**Assignment:** Each line in the records below, from the one that contains "Guess Men's Lightweight" to the one that contains "VEVOR Platform Truck, 2000", should be reproduced exactly, the first and last included.

**Working data:**
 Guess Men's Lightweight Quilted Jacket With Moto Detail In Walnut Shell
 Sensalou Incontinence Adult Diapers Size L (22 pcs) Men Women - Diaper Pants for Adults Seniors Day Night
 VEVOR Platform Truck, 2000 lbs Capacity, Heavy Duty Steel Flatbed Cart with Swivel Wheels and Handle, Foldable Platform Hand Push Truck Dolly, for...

---

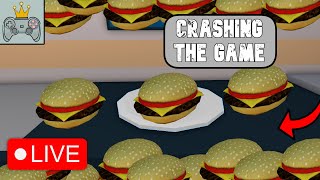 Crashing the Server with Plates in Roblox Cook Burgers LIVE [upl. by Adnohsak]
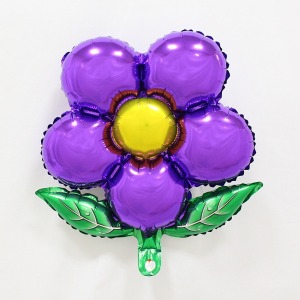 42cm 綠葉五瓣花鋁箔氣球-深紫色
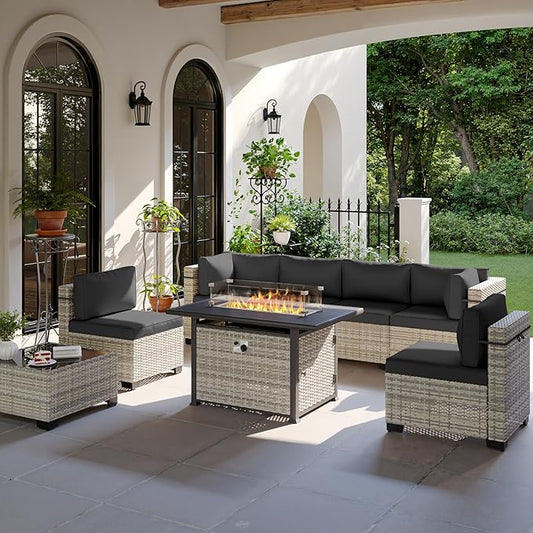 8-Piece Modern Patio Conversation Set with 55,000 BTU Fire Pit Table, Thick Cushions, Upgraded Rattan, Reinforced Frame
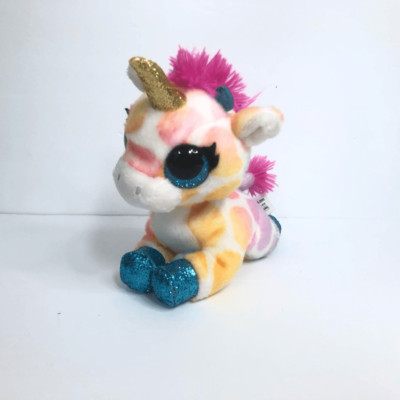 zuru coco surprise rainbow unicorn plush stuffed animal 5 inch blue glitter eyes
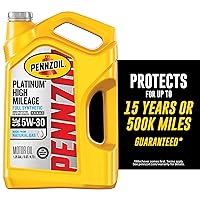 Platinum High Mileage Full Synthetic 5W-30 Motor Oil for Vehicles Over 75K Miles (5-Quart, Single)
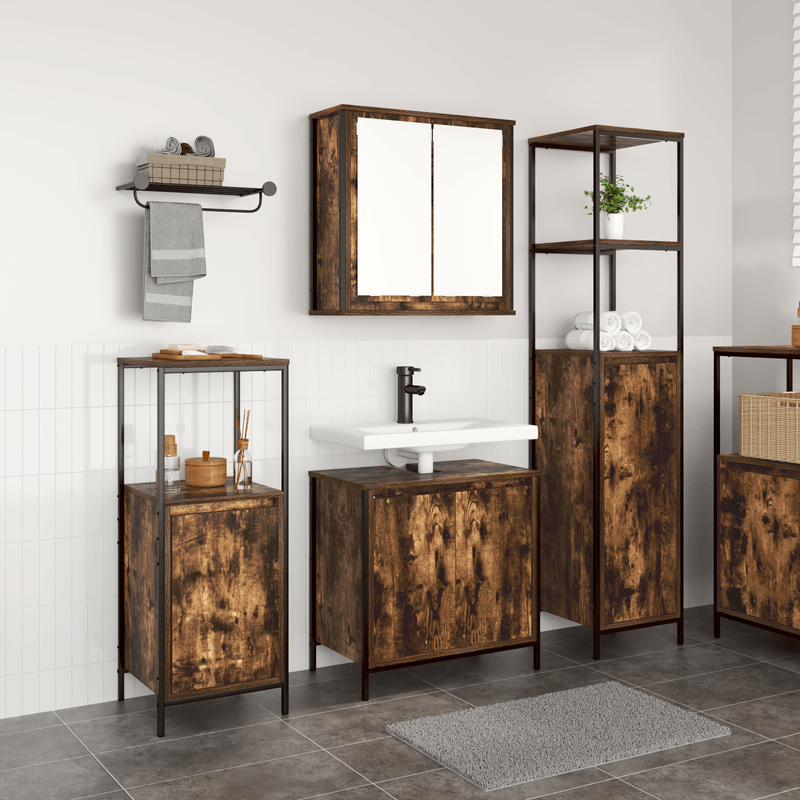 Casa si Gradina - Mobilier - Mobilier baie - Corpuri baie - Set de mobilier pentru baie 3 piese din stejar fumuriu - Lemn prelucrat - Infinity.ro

**Solution for this task:**
 Guess Men's Lightweight Quilted Jacket With Moto Detail In Walnut Shell
 Sensalou Incontinence Adult Diapers Size L (22 pcs) Men Women - Diaper Pants for Adults Seniors Day Night
 VEVOR Platform Truck, 2000 lbs Capacity, Heavy Duty Steel Flatbed Cart with Swivel Wheels and Handle, Foldable Platform Hand Push Truck Dolly, for...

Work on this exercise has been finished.